Replies are listed 'Best First'.
Re: Massive Memory Leak
by afoken (Chancellor) on Dec 07, 2009 at 16:46 UTC

    I don't see a finish() call for the database statement handle. That could be a problem, even if the handle SHOULD be closed automatically when it runs out of scope.

    And you have a real problem, because you really try hard to avoid DBI placeholders. You are building a gapping security hole called SQL injection, and you sabotage any caching that MySQL may attempt. Build and prepare() the statement once, then call it repeatedly passing all variables to execute(), and finally finish() it.

    Alexander

    --
    Today I will gladly share my knowledge and experience, for there are no sweeter words than "I told you so". ;-)
Re: Massive Memory Leak
by mikelieman (Friar) on Dec 07, 2009 at 16:42 UTC
    That looks like every iteration you're preparing a query.
    Perhaps pre-declaring it and using placeholders will help?
Re: Massive Memory Leak
by graff (Chancellor) on Dec 07, 2009 at 20:02 UTC
    There are a few odd things about the OP code:
    • Using HTML::Parse appears to be deprecated; the perldoc man page starts with:
      Disclaimer: This module is provided only for backwards compatibility with earlier versions of this library. New code should not use this module, and should really use the HTML::Parser and HTML::Treebuilder modules directly, instead.
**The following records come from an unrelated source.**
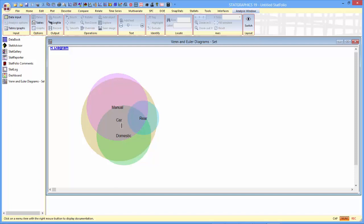You can see various overlaps between the circles. In particular, this bluish area here represents the number of cars that have manual transmissions, rear wheel drive, and are also domestic.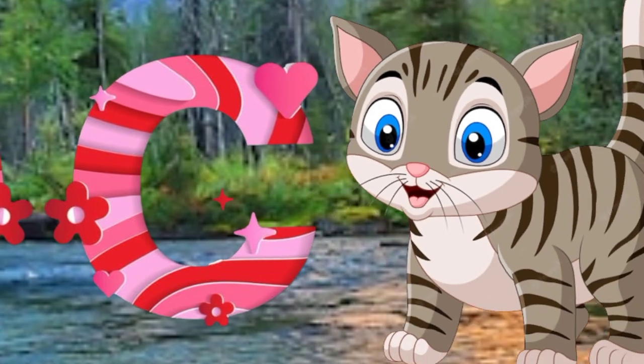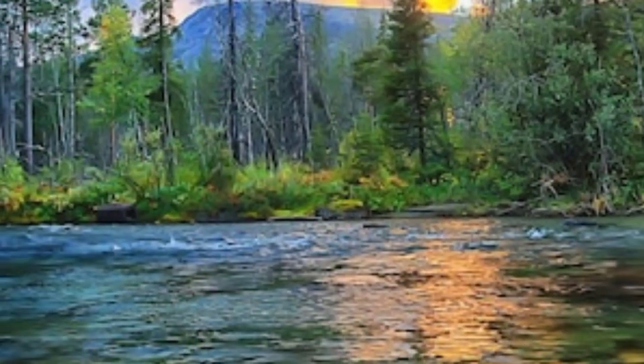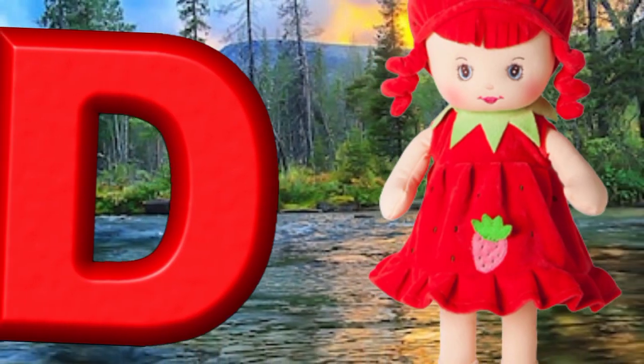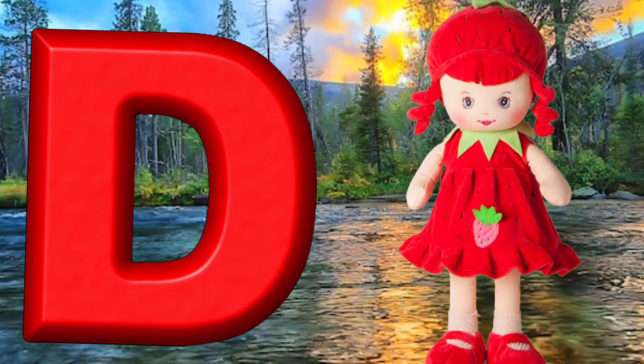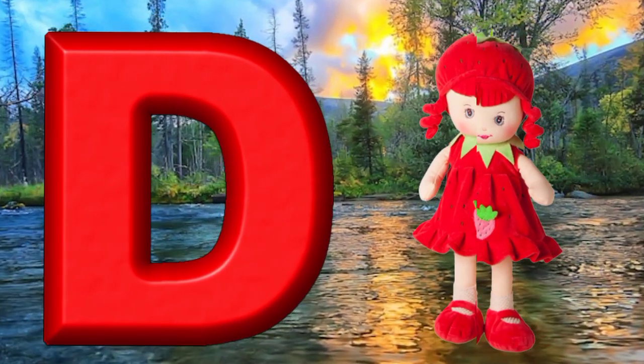C is for cat, c-c-cat. D is for doll, d-d-doll.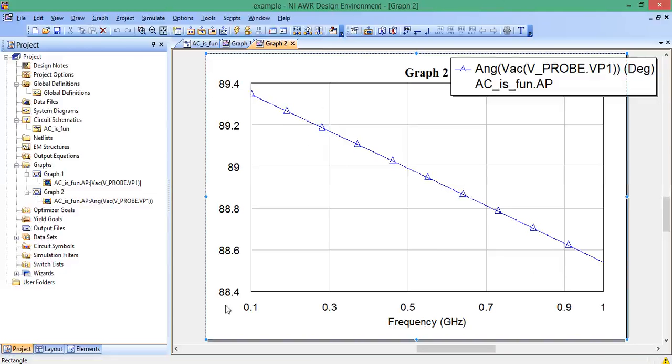So, that's the units that this is set at. And this is the basics of how to perform a steady state AC circuit analysis using Microwave Office.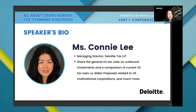I'm Connie Lee from Deloitte Tax, and I will spend the next 15 minutes to discuss high-level general rules related to corporate income tax on outbound investments. I will also provide a couple of examples to compare the U.S. tax under current tax law versus under the Biden administration tax reform.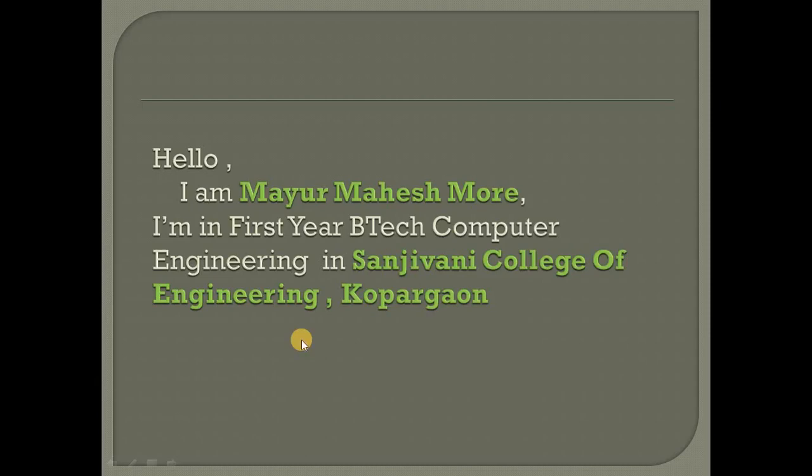Hello, I am Mayur Mahesh More. I'm in first year BTech Computer Engineering at Sanjivani College of Engineering, Kopargaon. Our professor Sandeep Sonone sir has given me a task to create an algorithm to solve Gauss-Jordan elimination method.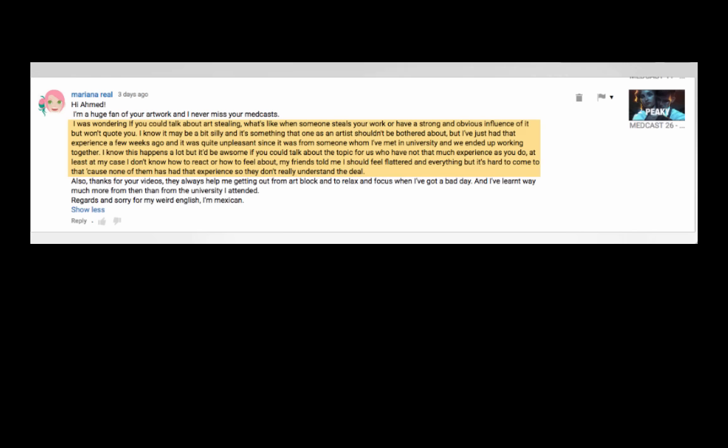Mariana Rial asks, I was wondering if you could talk about art stealing. What's, like, when someone steals your work or have strong and obvious influence of it but won't quote you? I know it might be a bit silly and it's something that one as an artist shouldn't be bothered about. But I've just had that experience a few weeks ago and it was quite unpleasant since it was from someone who I've met in a university and we ended up working together. I have dealt with this before. Of course it's annoying, you know, having gone to, I was in art school, I was at art center, and there were certain people, I'm not going to mention any names, who often would kind of just sit around and wait for me to do something and they'd sort of copied it. Like, come on, dude. And they still do it. You know who you are. And so, I've come to just accept the fact that it's going to happen. I can't just sit there and call them out.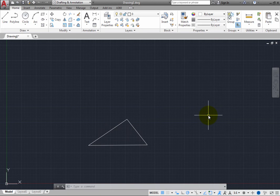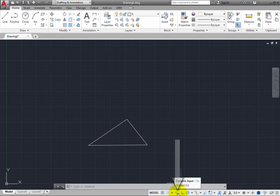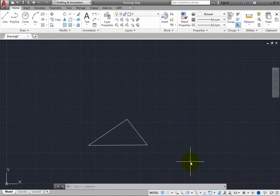Notice that now, a Dynamic Input button appears in the status bar. Click this button to toggle off Dynamic Input.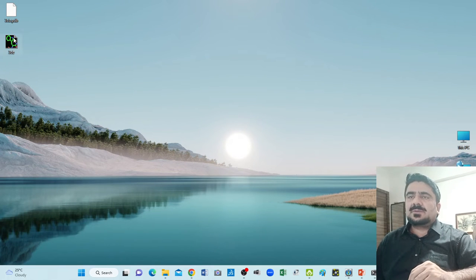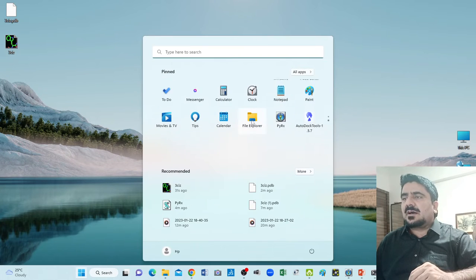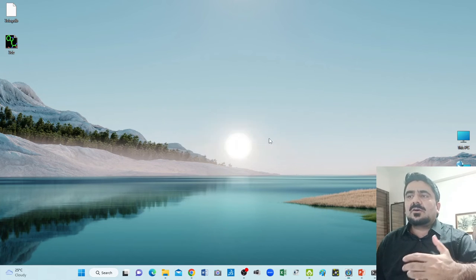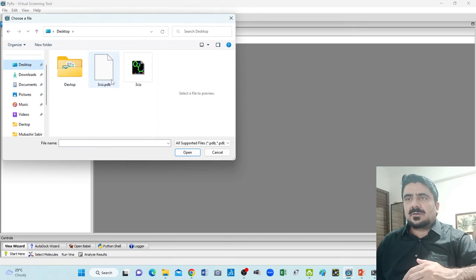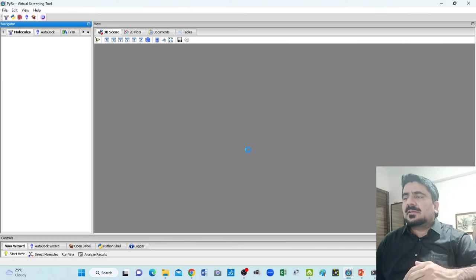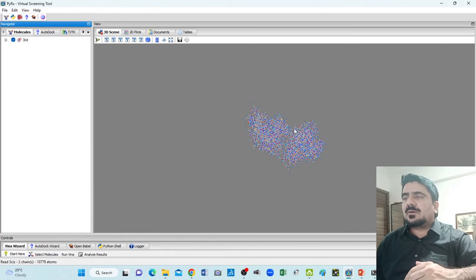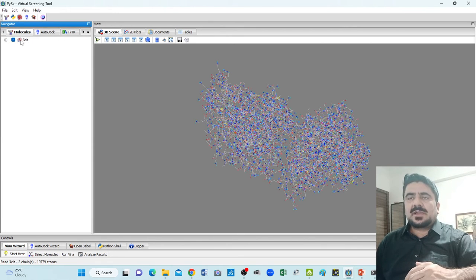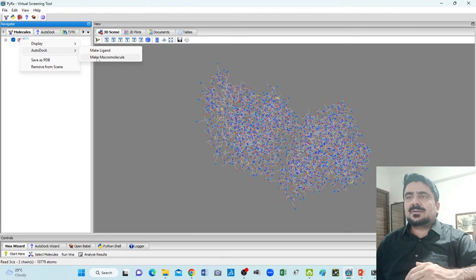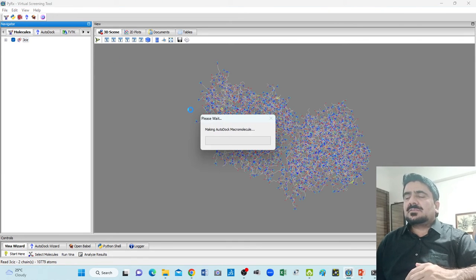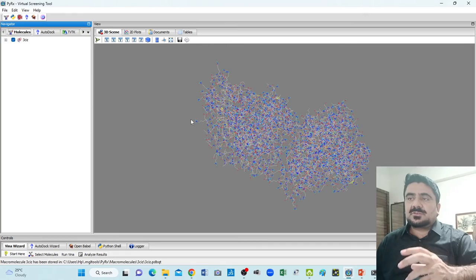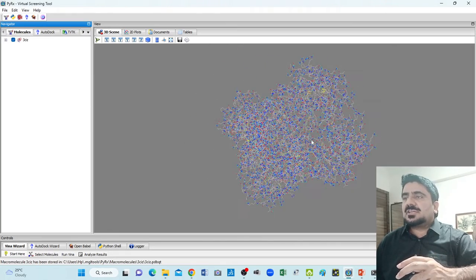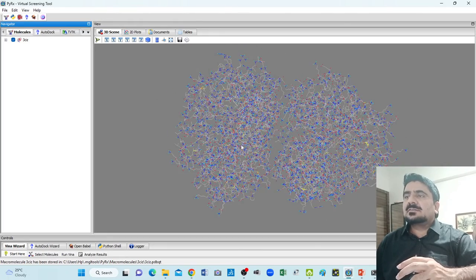Now we have the PDBQT file. In the next step we are moving back to PyRx software. We will learn how to upload it. Go to File, Load Molecule, move to the desktop — here is our PDBQT file. Click Open. It will appear on the PyRx software window. Check — it has two chains. Now to change it into a macromolecule, right-click on 3CIZ, move to AutoDock, and select Make Macromolecule. Click Make Macromolecule — it will successfully change into a macromolecule.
    • This line in your first nested for loop seems to invoke a subroutine called "parse_html", which I would expect to turn up as "undefined":
      $c->{data} = $stripper->format(parse_html($c->{data}))

    Apart from that, I wouldn't know whether the memory leak is due to the "unfinished" query statement objects, as suggested by others above, or whether it's due to stranded (non-garbage-collected) objects in the HTML parsing/formatting modules.
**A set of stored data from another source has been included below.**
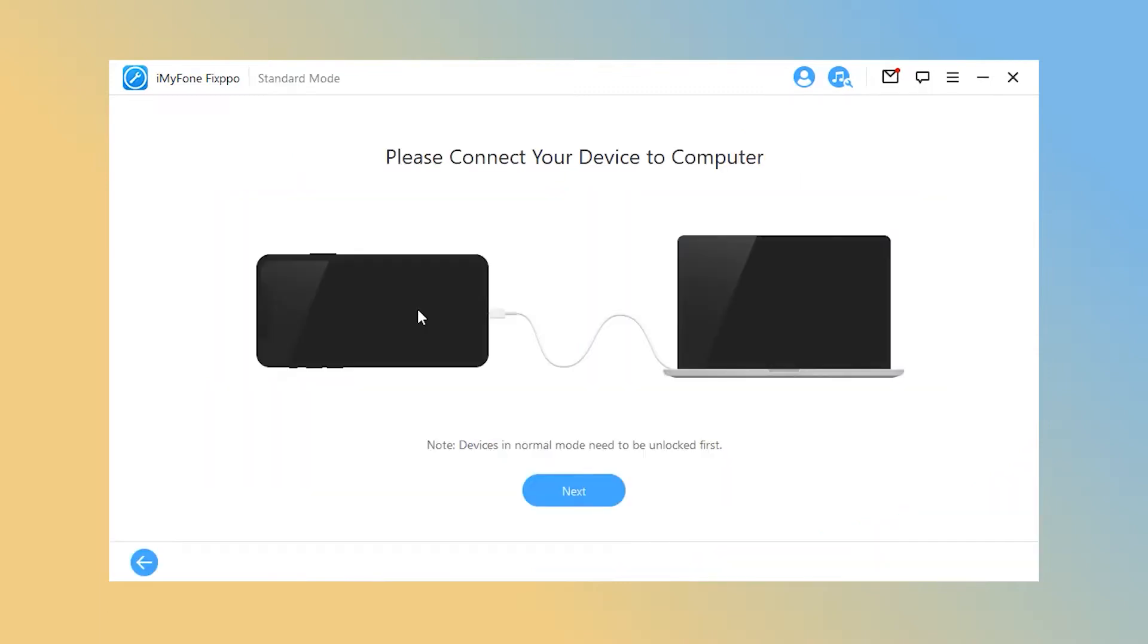Step 1. Connect your iPhone. Tap on the standard mode option and follow the on-screen instructions to put your iPhone into DFU mode.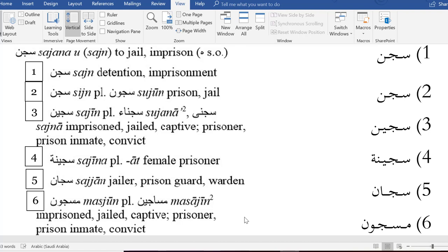For example, if you look at the first three entries — which I'll point to with my mouse — you'll see sin-jin-nun, sin-jin-nun, sin-jin-nun. Those three words from basic appearance seem to be the same. So how do we differentiate when it comes to the pronunciation or the reading of those words?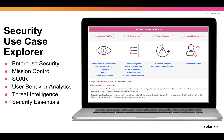For example, under prioritized actions, the threat hunting category contains multiple use case articles providing details on common ransomware attacks and SPL detection examples.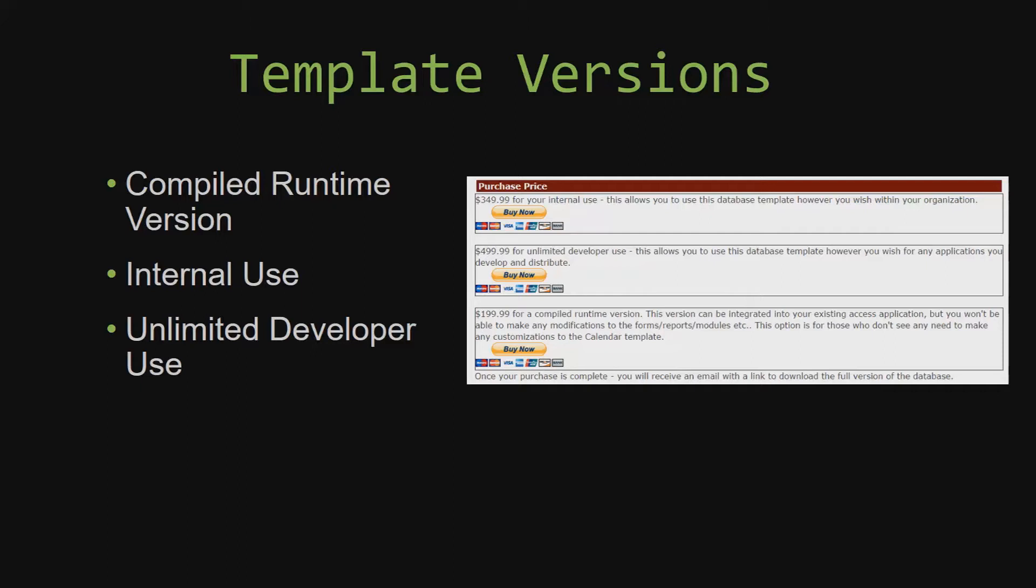Our internal use version allows you to use or modify the databases however you wish within your organization. And last but not least, our unlimited developer use version allows you to use the database template however you wish for any applications you develop and distribute the template as part of a database you create.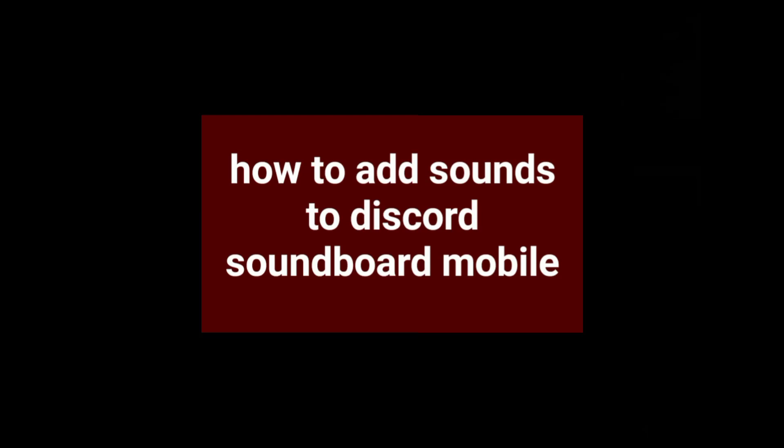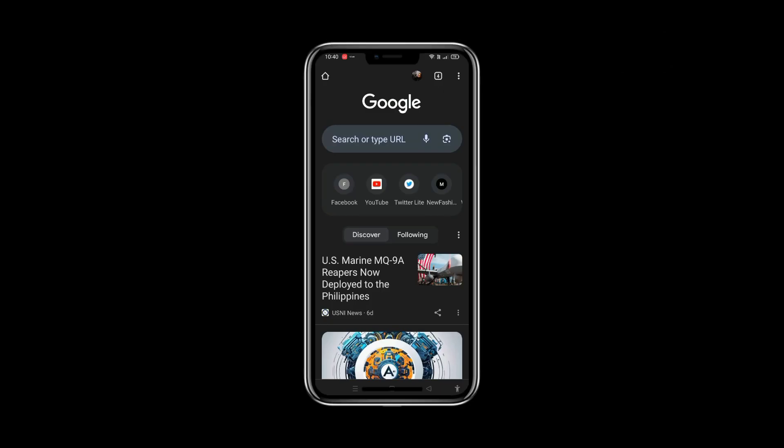Hey guys, welcome to Tech Trick Tutorial. So, how to add sounds to your Discord soundboard on your mobile.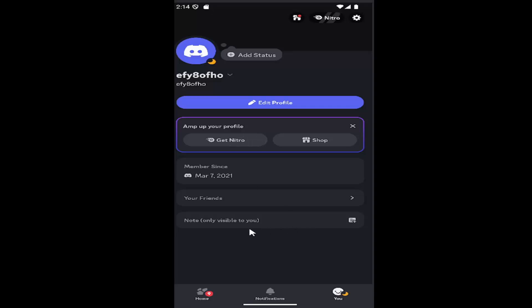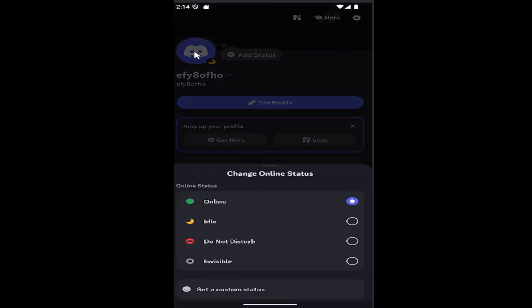Once you're on your profile page you want to select the little logo here that looks like a Discord logo. It might be your profile image. Go ahead and select that.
    One way to tease that apart would be to divide the process into two distinct steps (two processes): step/process 1 is to parse the html data and output tab-delimited flat tables that can then be inserted into your database by any of several easy methods. If that process succeeds, you can conclude that it was the database interaction that caused the leak.
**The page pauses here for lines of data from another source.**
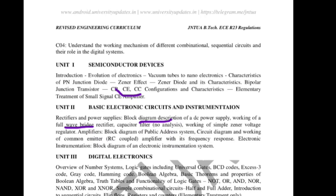Another important question: what is Zener voltage regulator? One mark question — a Zener voltage regulator consists of a Zener diode connected in reverse bias. A Zener diode connected in reverse bias acts as a voltage regulator. Remember this.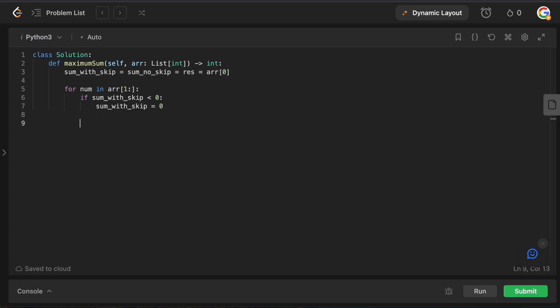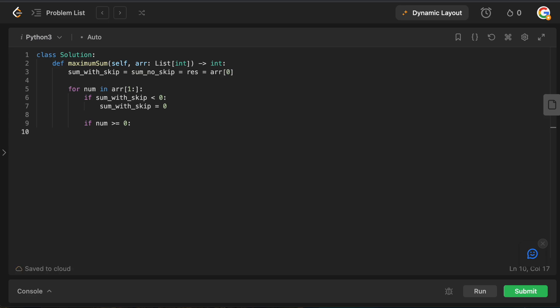There are two cases for the current number: it's either non-negative or negative. If the current number is non-negative, we always take it — adding it will only increase our sum, there's no reason to skip it. We ideally only skip negatives. If it's positive, we add it: sum_with_skip += num. Otherwise, if it's negative, we need to make a decision: do we take the hit of including this negative number?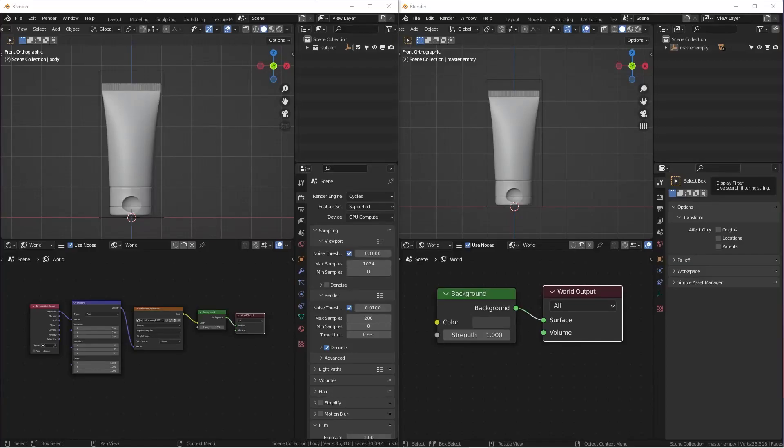How's it going, everyone? This is Wenbo. Today, we are going to do another quick Blender tutorial. Today's topic is about HDRI.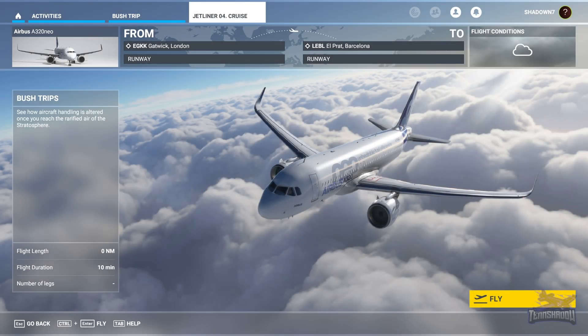Hello and welcome back everybody to another 10 Shadow video. Today we are in lesson four of the FS Academy jetliner training series. This lesson is all about the cruise, so let's hop in.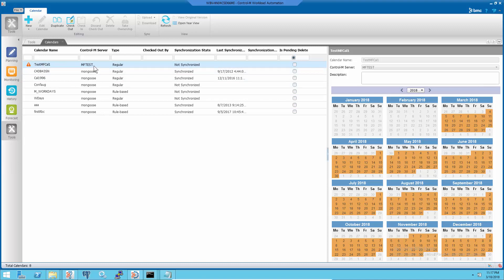But when older versions of Control-M Enterprise Manager were upgraded to new versions, some orphan data such as calendars may be left behind in the Control-M Enterprise Manager database for missing data centers.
    In any case, a better way to load large quantities into mysql tables is via the "mysqlimport" tool that comes with mysql -- it's incredibly fast compared to using Perl/DBI for inserts, and it's the best/easiest way to load a table from a tab-delimited flat-text file. (Rather, Perl/DBI is incredibly slow relative to mysqlimport.)

    Another idea: since you are looping over two main directories, you might try just doing one directory per run (giving the desired path name on the command line). If you really want to do both in one run (after solving the memory leak issue), a better loop method would be:

    for my $path ( 'modified', 'deleted' ) { ... }
    instead of that clunky while-loop.
Re: Massive Memory Leak
by martin_ldn (Initiate) on Dec 08, 2009 at 10:51 UTC

    Hey all,

    Thanks for the responses :-) I have identified the problem! It was with HTML::Parse. Instead I have used HTML::Strip and this not only fixes the memory leak but is also massively faster.

    Thank you for pointing out the other bits too. As I say I am new to Perl so they are very helpful. I will look into the security problems but as the machine is completely isolated (no network connection) I'm not sure this is an immediate problem. I will bear it in mind though. And graff I like that loop more - looks more elegant!

    Cheers,
    Martin

      Not using placeholders is not only a security problem. When you use placeholders, you allow DBI, DBD::whatever, and the database to cache a parsed form of your query. This can speed up things dramatically, even with simple SQL statements.

      And you can get completely rid of any quoting problems for values you want to pass to the database. Use a placeholder and pass the actual value to execute(), no matter what it contains. You don't even have to know what quoting rules apply to your database.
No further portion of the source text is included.